§ **Collected material**
——

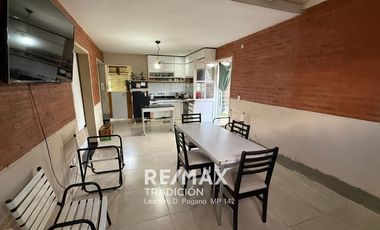 Casa en venta en Barranqueras. 400 mts2, 2 hab.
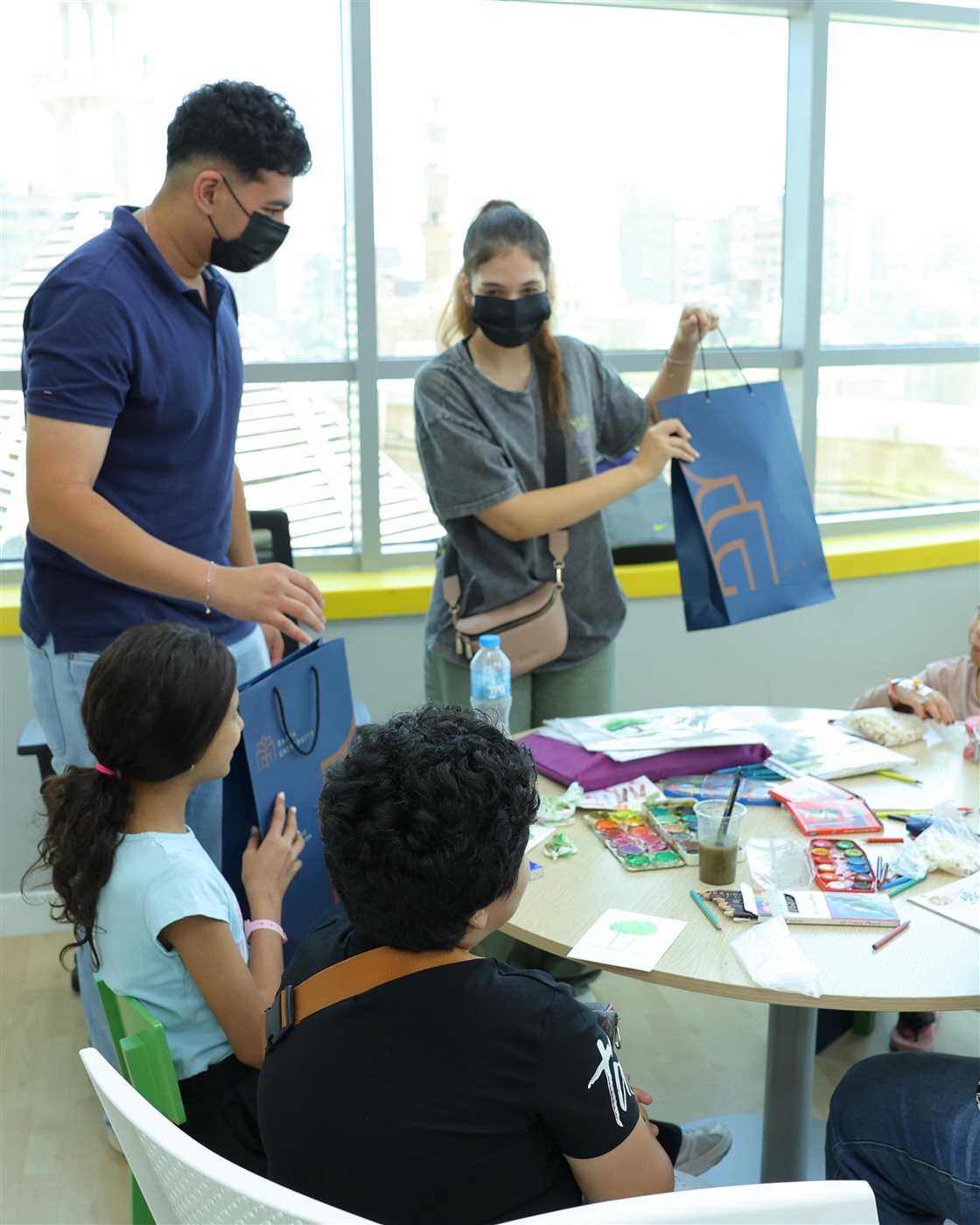 وفد من طلاب جامعة باديا يزور مستشفى 57357 لدعم الأطفال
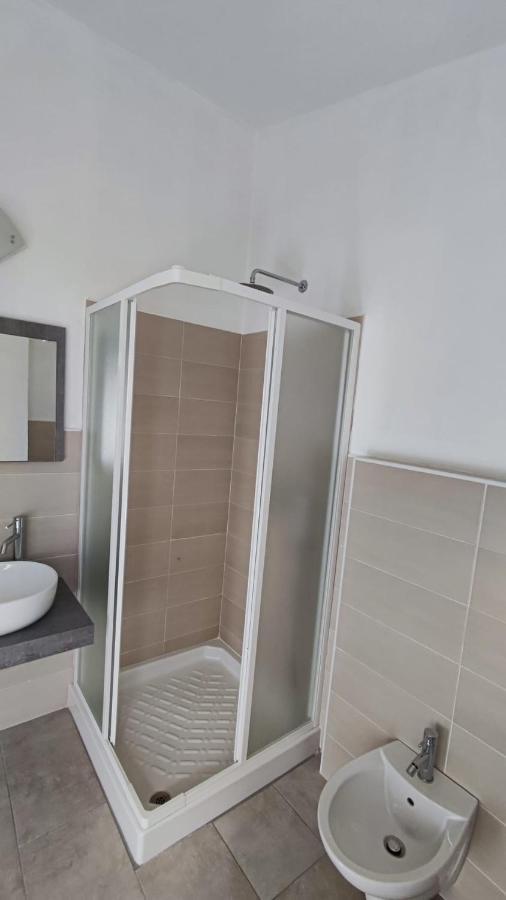 Casa L'Ulivariu Affittacamere San Teodoro  Exteriör bild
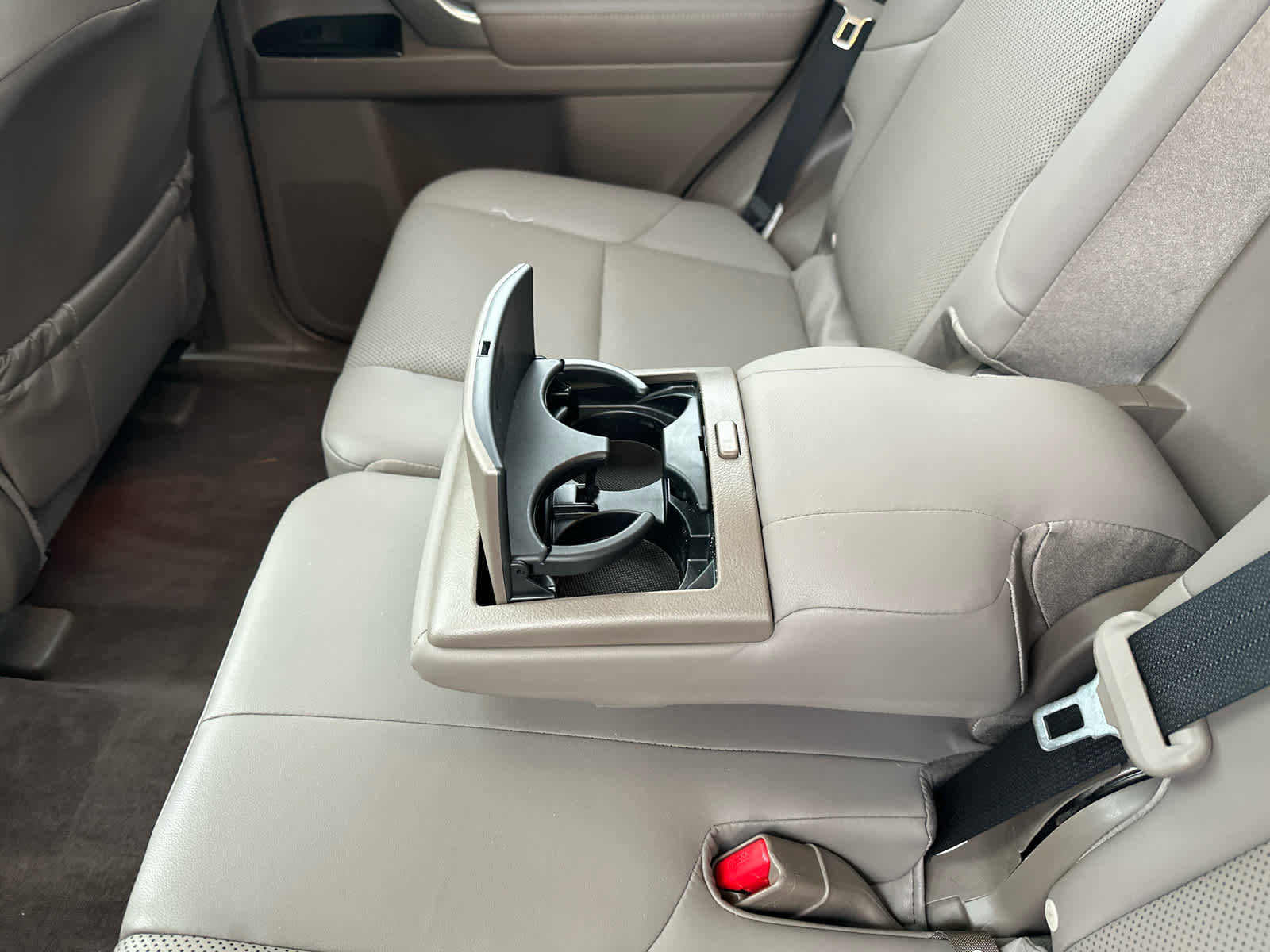 Used 2018 Lexus GX 460 w/ Navigation Package image 21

——

§ **What you need to do**
What is needed is a verbatim copy of the lines from the line with "Casa L'Ulivariu Affittacamere" through the last line of the listing, pictures excluded.

§ **Answer space**
 Casa L'Ulivariu Affittacamere San Teodoro  Exteriör bild
 Used 2018 Lexus GX 460 w/ Navigation Package image 21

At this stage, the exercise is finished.